Sunday, September 25, 2011

Turned 5

Today I complete my 5 years experience. Recollecting the post I had written quite long time back about the expectations and the pressures around, its starting to show the effects now. I have gained tremendous insights and had a great exposure in Paris, meeting different people, holding meetings, getting client rapport. Its been a great smooth ride so far. Appraisals this year around put me in the third place. I was little hurt as I believe I deserved a better rating for all the amount of hard work I had put in and the client appreciation I have received. Talking to Chandan on the same day I have got some rationale behind the concept. From management perspective they need to do justice for all and since I had been given an onsite opportunity, it was compensated in this manner. This is what I have gathered from good many people. I can't do anything either excepting that I believe I need to put in lot more effort for the upcoming year to have a speedy scale.

Turning 5

Coming to the matters at hand, I am not really happy with the way things are and it's high time I pick myself up and start taking my life and career seriously. I have always wanted to learn and master the SQL Server Analysis Services, that aspect of SQL server which deals with real intelligence. I am so looking forward to the next 2 weeks when things will heat up considerably and then we are forced to learn and master the technology to be able to meet the deliverable in this new heavy duty project release.One disturbing thing though is that I am being forced to work on SSIS and SQL big time as all our effort is still focused on the first stage of our data transfer that purely deals with this aspect. To make the matters worse, Chandan currently roped in on to our project is going to handle the aspects. I am happy that it helps the overall progress of the project but it bothers me a lot when not being in a position to take up the role myself.

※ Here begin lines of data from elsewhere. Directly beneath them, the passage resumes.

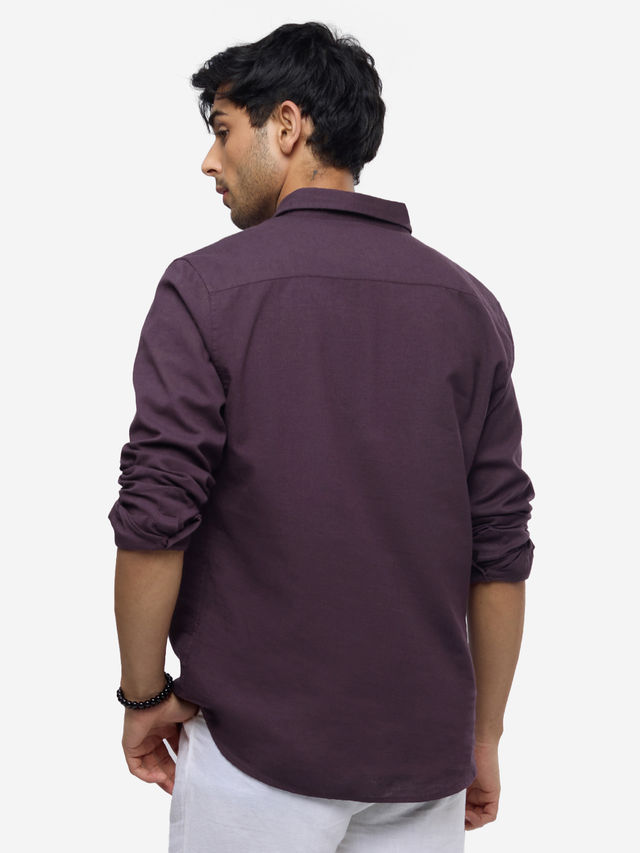 The Souled Store Men's Regular Cotton Linen- Berry Shirts | Purple | L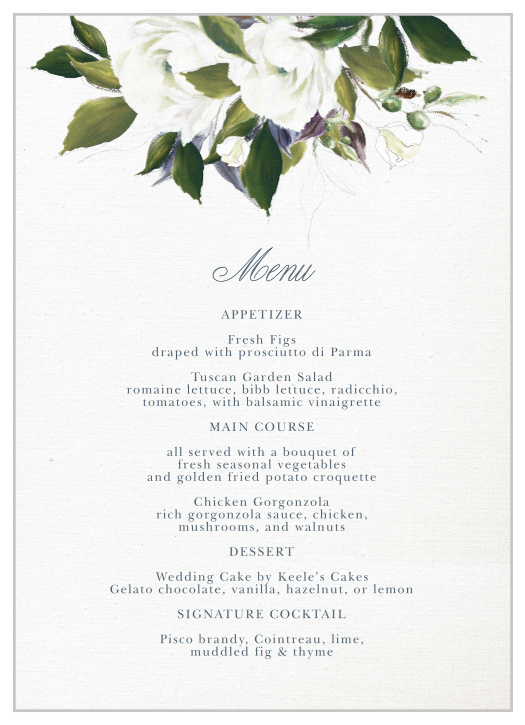 Elegant Aristocrat Wedding Menus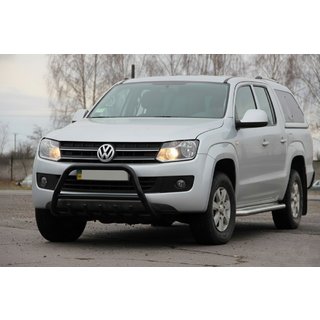 Кенгурятник WT003 Черный Нержавейка Volkswagen Amarok 2010-2022 гг. фото 3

Anyways its just a matter of time now when things will heat considerably and I will be treading on the SSAS once and for all. The larger picture of course is that I need to make myself as strongly proficient as possible and become self independent and to able to master and command all the aspects of SQL Server BI stack. This includes extensive reporting, cube building and MDX querying.

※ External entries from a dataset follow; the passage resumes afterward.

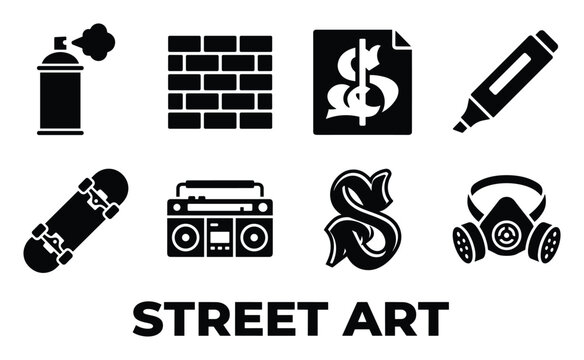 Street art icons set spray can brick wall dollar sign marker skateboard boombox graffiti gas mask.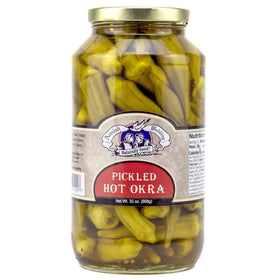 Amish Wedding hot pickled okra jar close-up showing bold heat and flavor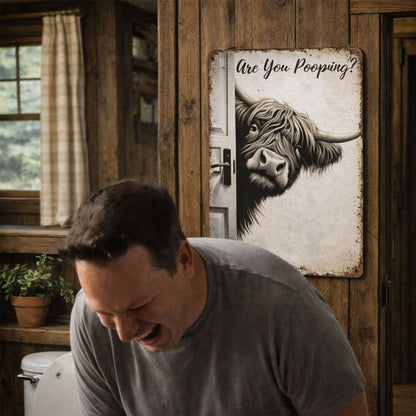🐮 Funny"Are You Pooping?" Wall Decor😂 – Vintage Highland Cow Sign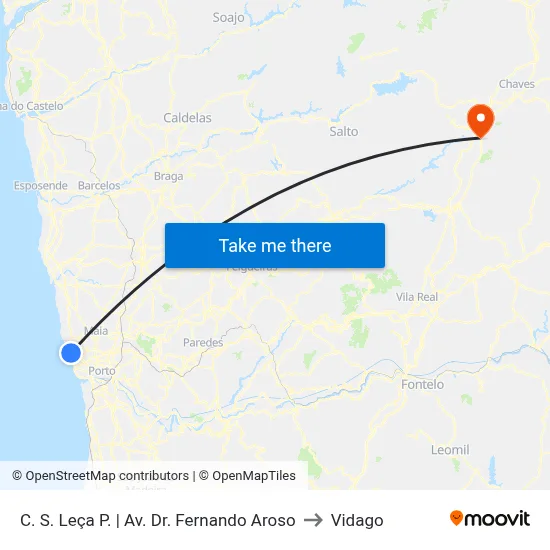C. S. Leça P. | Av. Dr. Fernando Aroso to Vidago map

Deviating a little here, I absolutely hate the discussing the topic of salaries or colloquially speaking, remuneration with my colleagues or with anyone for that matter. With my close buddies, especially banda, hari, mote, venky, chitti it feels ok to tell. Again I only them if they ask and never ask in return. For me, what matters the most is my job and how I deal with it. There is one stand out here though - Venky (SwamiNaidu). More than just hearing and occasionally jabbing fun of my incremental progress as others do, this guy just rips the heart out with his candid assessment and makes you feel like a imbecile and stupid. Any other person I wouldn't bother but with this guy it feels like a wake-up call. He tells me on the face of it (over the phone) that I am doing worse than most people among my fellow class mates.

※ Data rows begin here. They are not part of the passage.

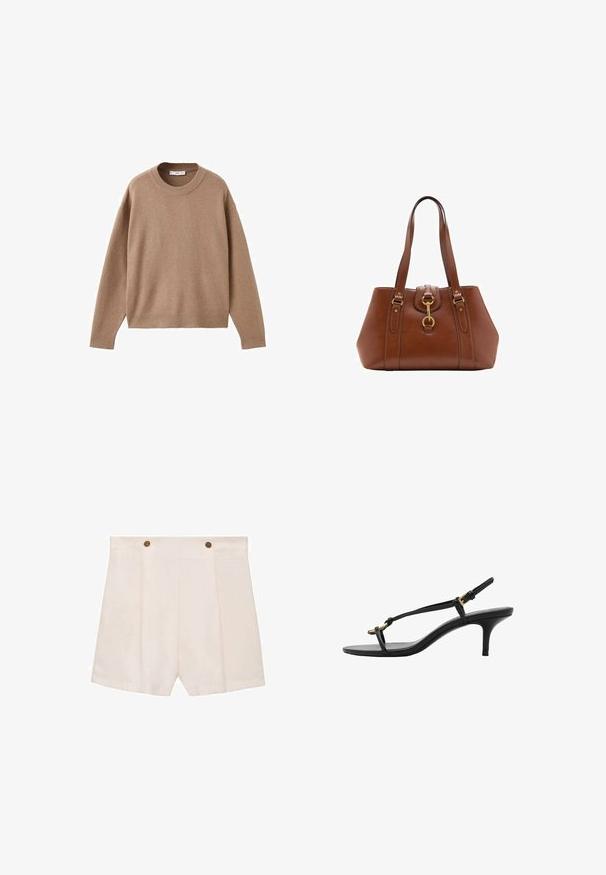 Blød beige langærmet crewneck sweater med ribbede manchetter, kant og krave, præsenteret fladt på en hvid baggrund.; Flødefarvede shorts lavet af et glat stof, med to frontfolder, en løs pasform og to synlige bronze knapper i taljen.; Sort læder kitten hæl sandal med tynde stropper, guldspænde og minimalistisk tå løkke på en hvid baggrund.; Brun lædertaske med dobbelte stropper, rund form, guldfarvet hardware og en central spænde detalje. Glat tekstur med syninger.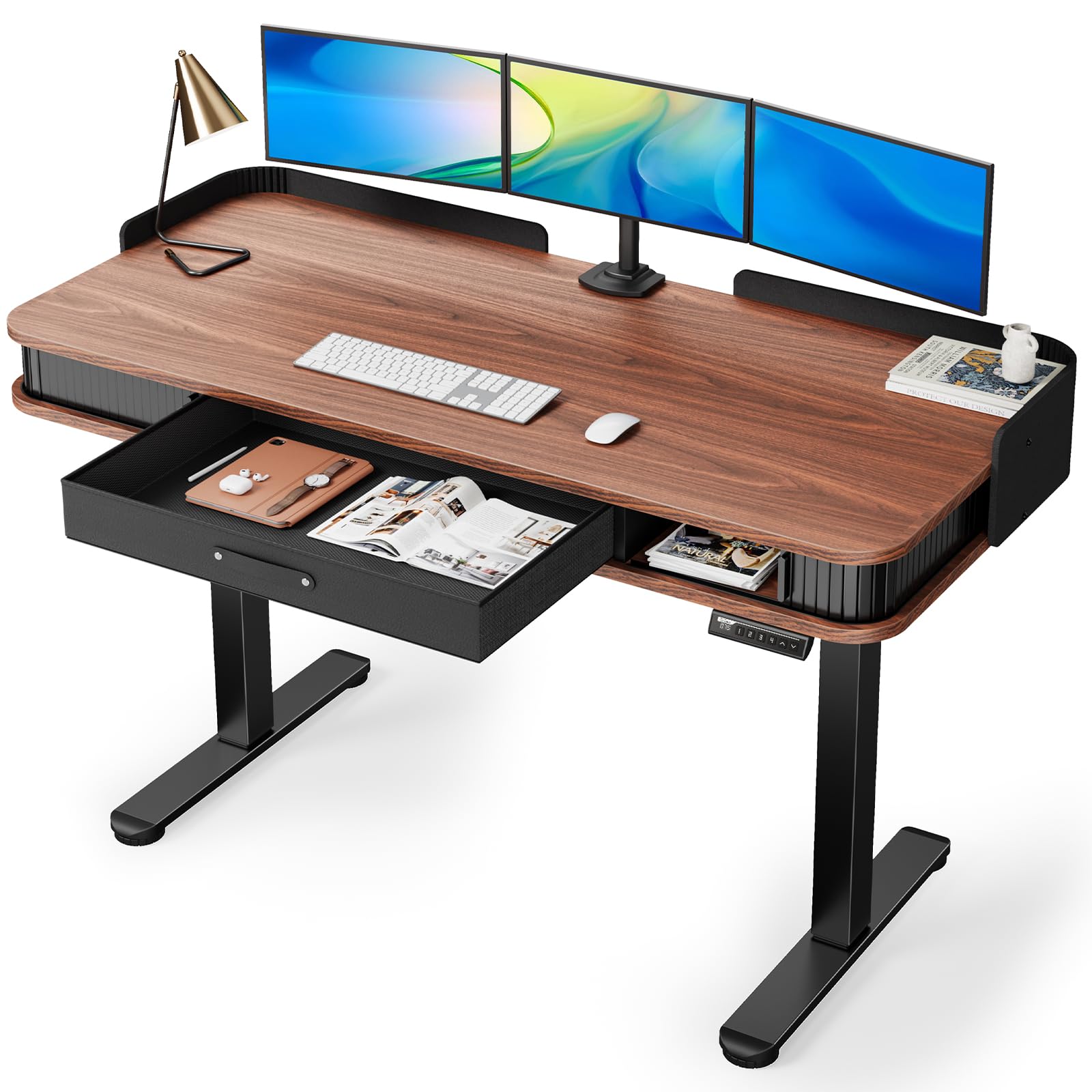 Marsail 55 x 28 Inches Electric Standing Desk - Height Adjustable Whole-Piece Desktop with 3 Drawers & 3 Memory Presets - Perfect for Home Office, Gaming Setup and Remote Workstation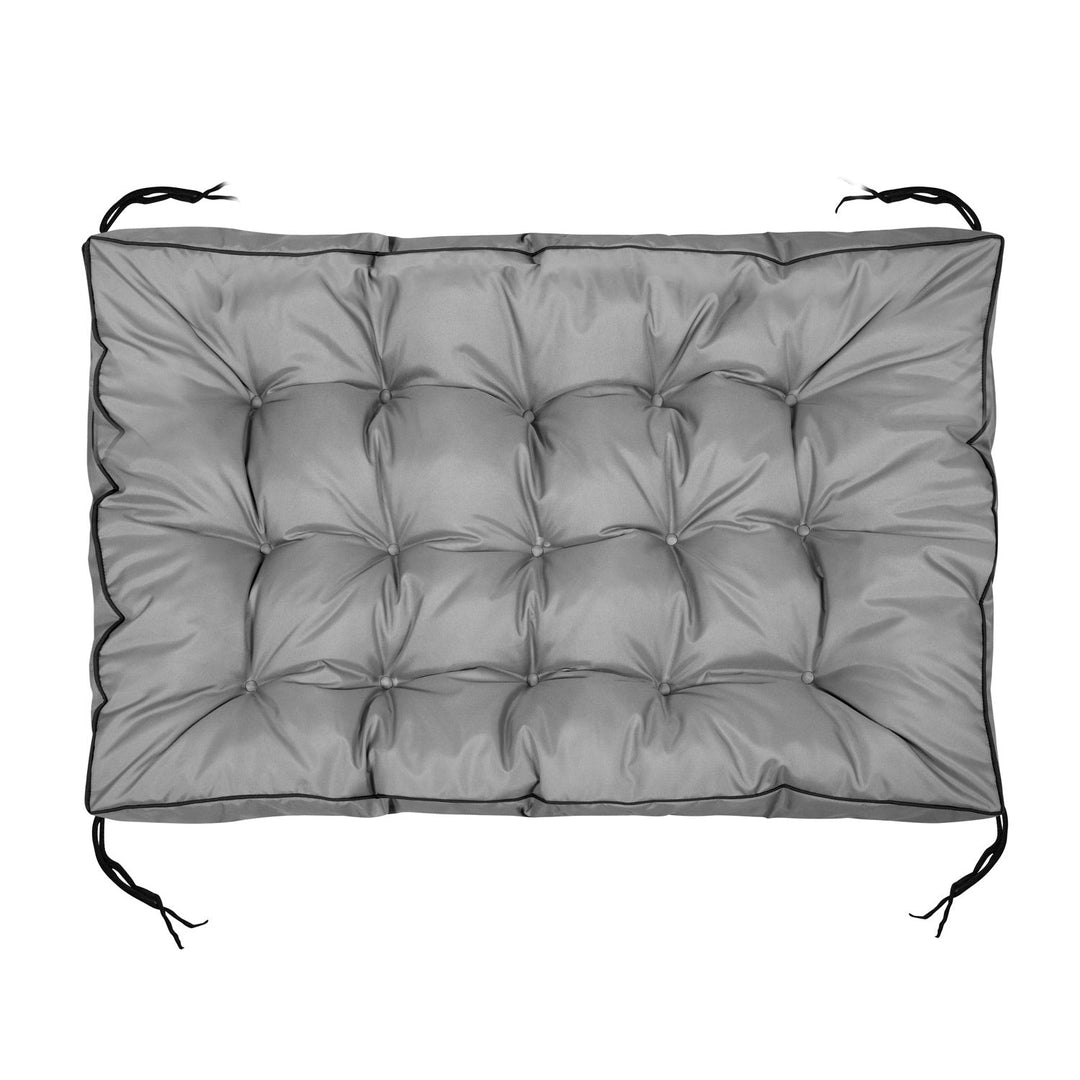 Havepude 120x80 cm med høj kant til pallebænk, vandtæt, grå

With marriage on the cards, this becomes even more relevant and if I don't do something, I might become just contended with the life and take it as it goes. Without taking names, I indeed feel really low and in the heart of hearts I want to really go out and get into the best leagues out there. I remember during my first shift I was desperately searching for a break and Accenture proved to be the only best thing I could hold on to. Of course, MS plans were also partly responsible. Now the reality is different, and this time around I wan to be the guy calling the shots, with at least 4 to 5 offers in hand and to chose and decide what I want to be in. For this to happen, among many things, I need to get focus and concentration, the kind of passionate learning I was doing during my initial stint at Satyam.

Turning 5 indeed has now hit this point hard and hope to achieve the great heights in future both for my life and my to-be wife.